Sales metrics need to be considered as a factor for this guidance, with 1H20 seeing an increase in JB Hi-Fi Australia’s sales by 5.1 per cent, which is up by 4.4 per cent from the prior corresponding period (PCP). There is now a 20 per cent increase in 2H20 YTD growth, showing a total increase in FY20 YTD by 11 per cent.  On the other hand, it’s New Zealand (NZ) division saw 0.8 per cent 1H20 growth; with this relatively low growth due to the pandemic forcing 14 locations to shut down as they were classified as a non-essential business. Unfortunately, the NZ subsidiary saw a fall of 19.3 per cent in 2H20 YTD sales growth, which comes out as a 7.3 per cent fall in total sales for FY20 YTD.

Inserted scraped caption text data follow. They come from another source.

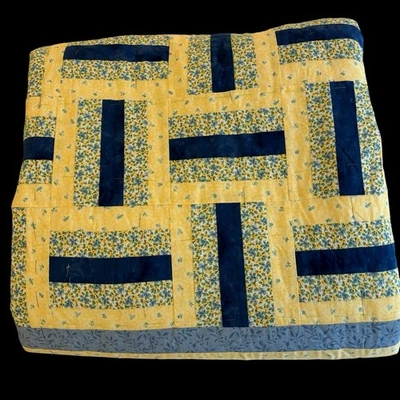 Manta de cama COLCHADA atada hecha a mano cerca de riel 78x97" SIN TERMINAR ¡Tan bonita! Foto 1 de 4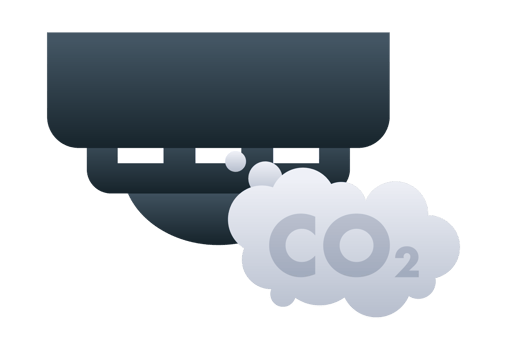 Carbon monoxide detector sensing co2 gas leak png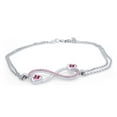 thumbnail image 3 of AFFY Heart & Round Shape Simulated Tourmaline Infinity Heart Chain Bracelets In 14k White Gold Over Sterling Silver -8.5", 3 of 7
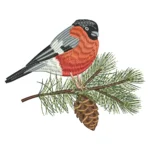 Bullfinch Embroidery Design - Machine Embroidery Pattern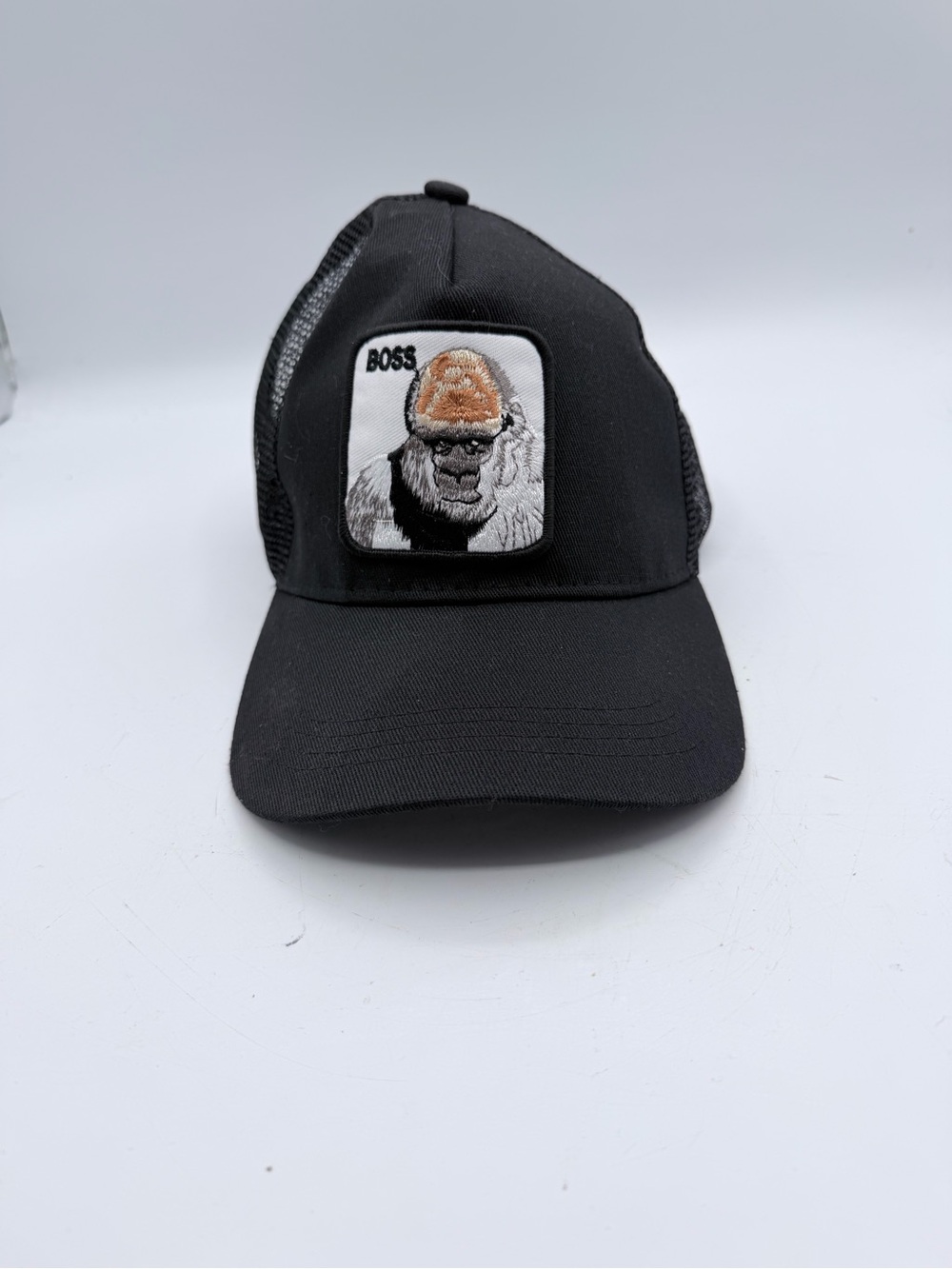 Goorin Bros The Farm Hat Cap Snap Back One Size Black Trucker BOSS Gorilla Mens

Although this seems like a sizable drop, it must be remembered that the NZ division only contributes to approximately 3 per cent of total annual sales. NZ now has no active COVID-19 cases, which is accelerating recovery with the economy opening up. Meanwhile, JBH’s subsidiary, The Good Guys, saw an increase of 1.5 per cent sales growth in 1H20 which compared to the PCP is up by 0.6 per cent. 2H20 YTD has seen The Good Guys increase sales growth by 23.5 per cent, elevating FY20 YTD figures to 10.7 per cent.

Entering the pandemic, strategic shutdowns and integration of Shopify Plus into distribution chains set JBH up for success. When less footfall was observed in airports and shopping centres, some key locations were shut down. This, in turn, helped save the group on operating costs. Meanwhile, an surge in e-commerce boosted sales, as a need for working from home equipment and entertainment sustained growth. Undeniably, while hygiene protocols and store safety measures did incur additional costs, the positive growth helped offset this expenditure.

The new earnings guidance estimates an approximate AUD7.86 billion to be earnt in sales, with JB Hi-Fi Australia garnering AUD5.26 billion, JB Hi-Fi New Zealand comprising AUD0.22 billion, and the Good Guys bringing in AUD2.39 billion. Net profit after tax is expected to be between AUD300 million and AUD305 million, which would be an increase of 20 to 22 per cent compared to PCP. More broadly speaking, the timing of this release emerges one day after JBH’s competitor, HVN released their retail trading update. Specifically, data shows JBH outperforming HVN's 2H20 YTD sales growth in Australia by 2.5 per cent, with JBH’s growth at 20 per cent while HVN’s growth at 17.5 per cent.